Dirty Girl Things

 

Sunday, July 13, 2008

Two-Hundred-Seven

Brothels and the Meaning of Life
by Bruno Phillips

Some great libertine and savant once observed, ‘Only in a brothel do men and women discover the true nature of human relations.’ However one chooses to deconstruct such philosophical squibs, nothing hasty should be concluded without knowledge of the Dumas Brothel in Butte, Montana.

The brothel of course has had a long, romantic and (albeit sneakingly) admired place in populist social history since Pompeii got buried. More recently, whilst London had its bawdyhouses and Paris its bordellos, America had its democratic equivalents that ‘came West’ along with the men who drove cattle and railroads and settlements into the heartlands of the prairie and mountain.

What makes the American experience different is that where we Europeans corralled, made urban and attempted to disguise these havens of release, in the great energy of that young nation they were public agents of growth and opportunity. Men and women of humble origin sought escape from straightened circumstances, sought liberation, to achieve wealth, or at least a comfortable life. Men through their muscle, women most often through the skills regarded as peculiarly theirs. This might involve marriage, sewing and child-rearing. In the short term it mostly meant the willingness to fuck.

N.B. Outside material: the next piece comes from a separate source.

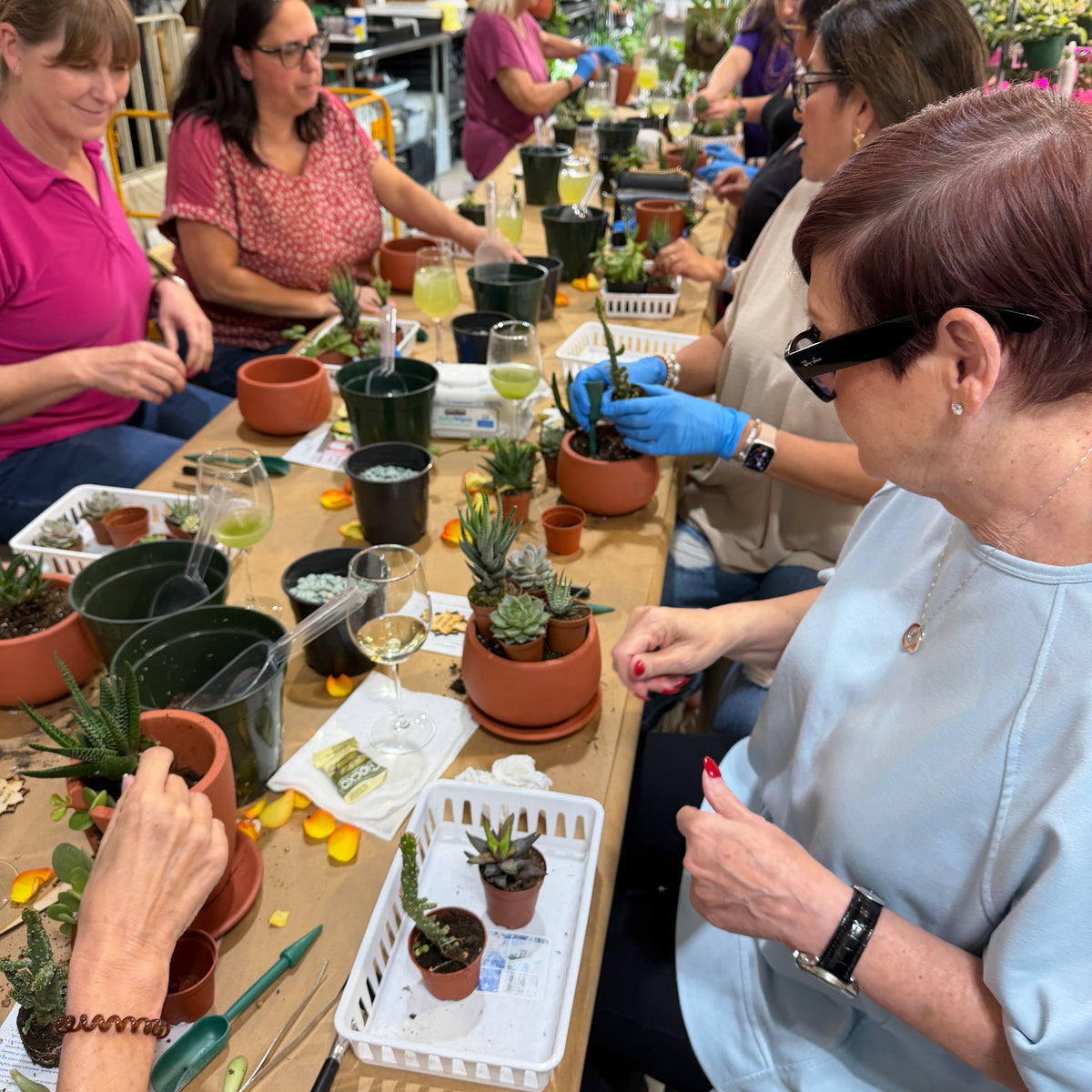Group of people working with plants in a workshop setting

These natural desires could of course be satisfied, as it were, informally. But humans are creatures of context. Calloused cowboy you might be, but memories of the old homestead and plumpy cushions and little sister made you yearn for some homely comforts.

The Dumas Brothel is a classic of its kind. It was built around 1890 as a purpose-designed three-floor house for prostitutes. It still survives (just), and is probably the only example of its sort left in America. Herein the hairy, horny and hopeful miners of Butte could emerge from the depths and the dust to find a soft embrace, a seductive smile and a place for the one muscle that had not been much called for underground.

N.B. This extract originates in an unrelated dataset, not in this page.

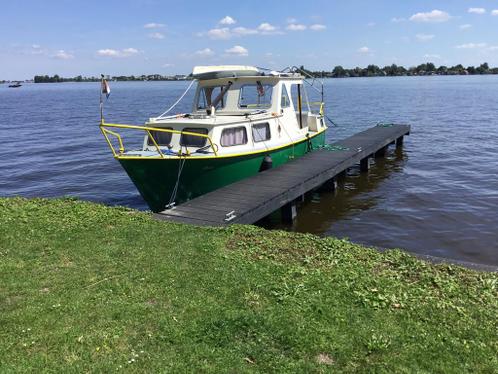 Motorboot met unieke ligplaats inclusie kano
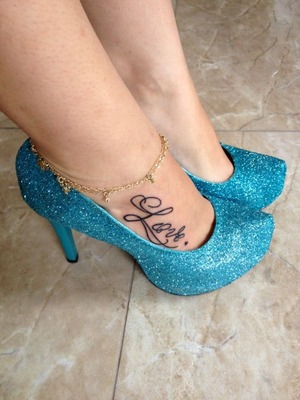 Tattoo and shoes.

It was part of a locale called ‘Venus Alley’ and played a significant role in the maintenance of social order among the mining community. So much so, that when in the early 1940s the Federal Government tried to ban brothels as detrimental to the war effort, the region’s copper and mineral company combined with the local authorities to finagle regulations on the grounds that the miners would leave if denied some rumpy pumpy. The Dumas House survived until 1982. Rumour has it that there was a tunnel from the neighbouring and grand Finlen Hotel to the brothel and that JFK himself used it.

Be that as it may, current owner, conservator and writer Rudy Giecek is an honourable celebrant of a proud tradition. Although he doesn’t run a brothel, he shares with Cynthia Payne an amiable sympathy with human sexual needs and women’s economic pragmatism.

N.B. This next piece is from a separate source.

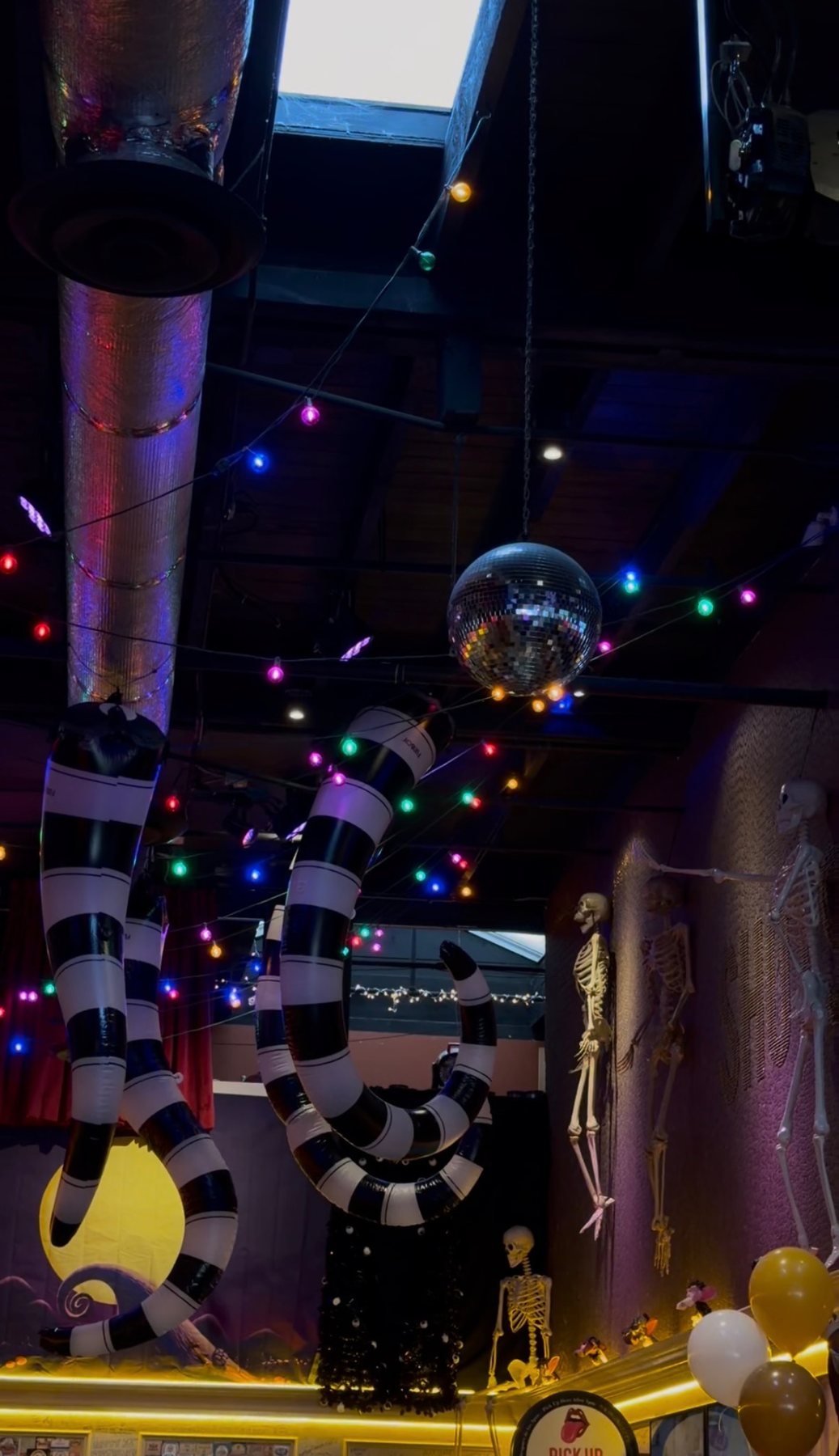 Black-and-white striped Halloween decorations and skeletons beneath colored string lights at Werewolf.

Quite evidently, these old brothels were not paradise. (So where is?) Sex is a transaction of many sorts. It may be conducted with love, affection, as an instrument of power and submission, or a combination of all these. In Butte the Dumas Brothel had a social and economic purpose. This was not without pleasure or reward. Girls could earn real money and escape. Men could find love. That there was also violence and degradation did not single it out as different from other socially sanctioned relations.

In the quixotic and contradictory society that is America today, and in particular in the Midwest, the brothel, the whore and the rumbunctious miner, cowboy and outlaw got together in all that dust and heat and downpour and had a fuck of a time.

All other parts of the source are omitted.